Ruddy v. McDonald, 244 Ill. 494 (1910)

April 21, 1910 · Illinois Supreme Court
244 Ill. 494

James J. Ruddy, Appellee, vs. Donald J. McDonald, Appellant.

Opinion filed April 21, 1910.

1. Apeeals and errors—when decree will not be disturbed on appeal. Where the testimony in a mechanic’s lien proceeding is conflicting and the chancellor has confirmed the finding of the master, the Supreme Court will not. disturb the decree unless it is clearly against the weight of the evidence.

2. Mechanics’ liens—contractor entitled to lien if he substantially performs his contract. A building contractor who obligates himself to follow the plans and specifications of the architect can not be held responsible for defects in the plans or specifications, and if he has by honest endeavor substantially performed the contract he is entitled to a lien under the statute.

3. Same—contract construed as not requiring contractor to improve upon plans. A contract to install a heating plant, which provides that the contract shall be for “a complete and perfect job, even though every item required to make it such is not specially noted in the drawings or these specifications,” and that the contractor “shall furnish all labor, tools and appliances necessary to .complete his work according to these specifications, and shall perform his work in a true workmanlike manner in every particular and thus provide the building with a durable and mechanically perfect system,” does not require the contractor to improve upon the plans in order to make a mechanically perfect system.

4. Trial—objection that a question is leading should be made when question is asked. An objection that a question asked of a witness is leading and suggestive should be made upon that ground when the question is asked, and if not so made it is waived.

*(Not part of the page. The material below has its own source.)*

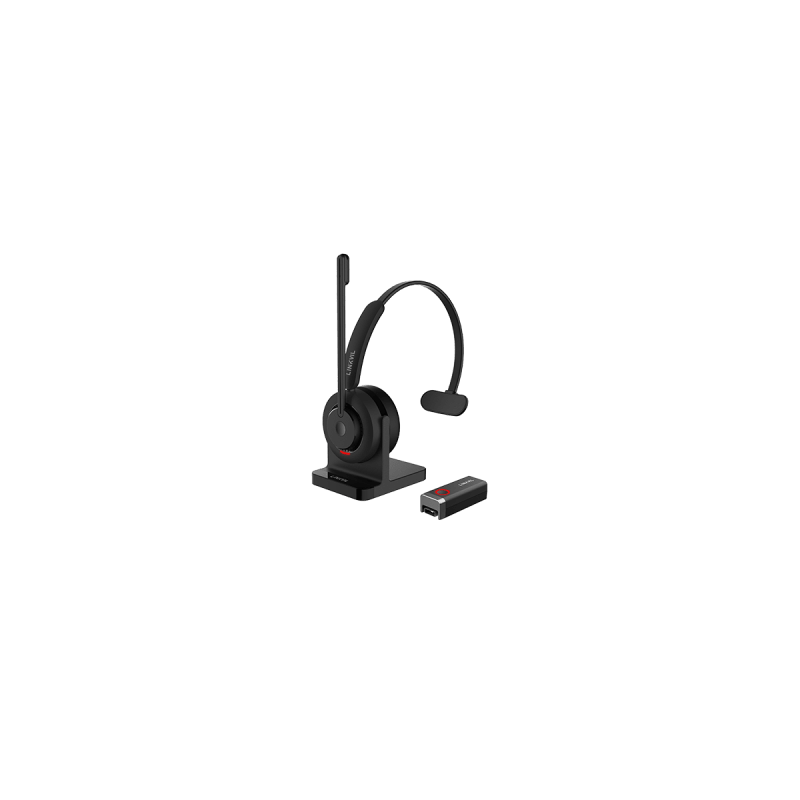 Diadema Inalámbrica FANVIL DECT 6.0 Bluetooth 5.3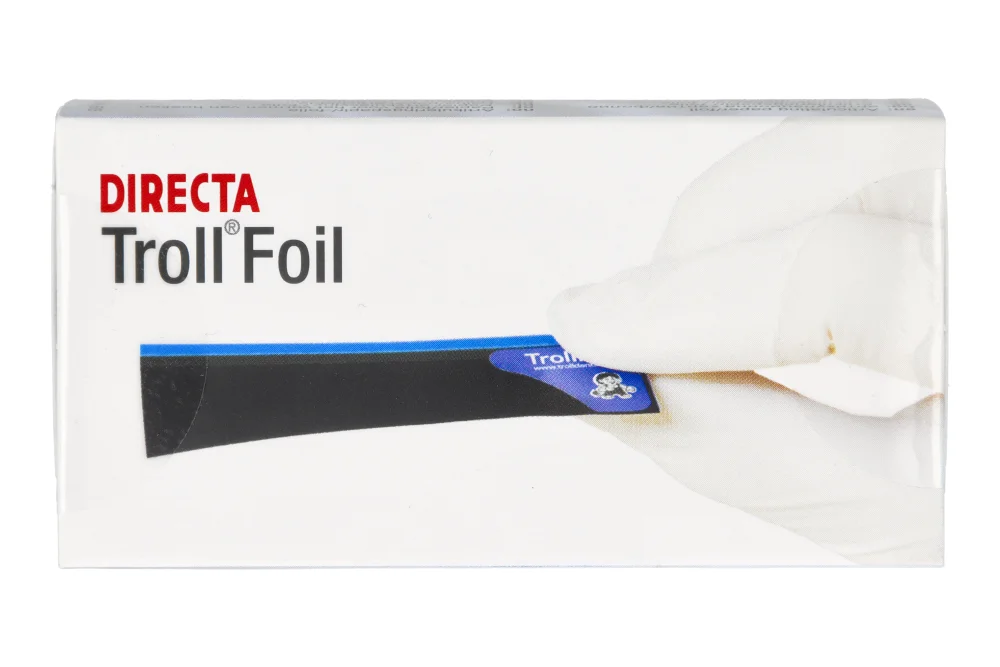 Артикуляционная фольга двусторонняя 8 мкм 100 шт. Directa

5. Interest—when decree may allow interest from date of the master’s report. Under section 3 of the Interest act the chancellor, upon confirming the master’s report in a mechanic’s lien proceeding, may include in the decree five per cent interest upon the amount found due by the master, computed from the date of the filing of the report to the rendition of the decree.

6. Costs—shorthand reporter’s fees for taking testimony before the master cannot be taxed as costs. Fifteen cents per hundred words for taking testimony may be allowed to the master in chancery whether he transcribes it himself or employs a shorthand reporter, but the fee of the shorthand reporter cannot be taxed as costs, as the statute concerning shorthand reporters in circuit courts does not pertain to taking testimony before the master.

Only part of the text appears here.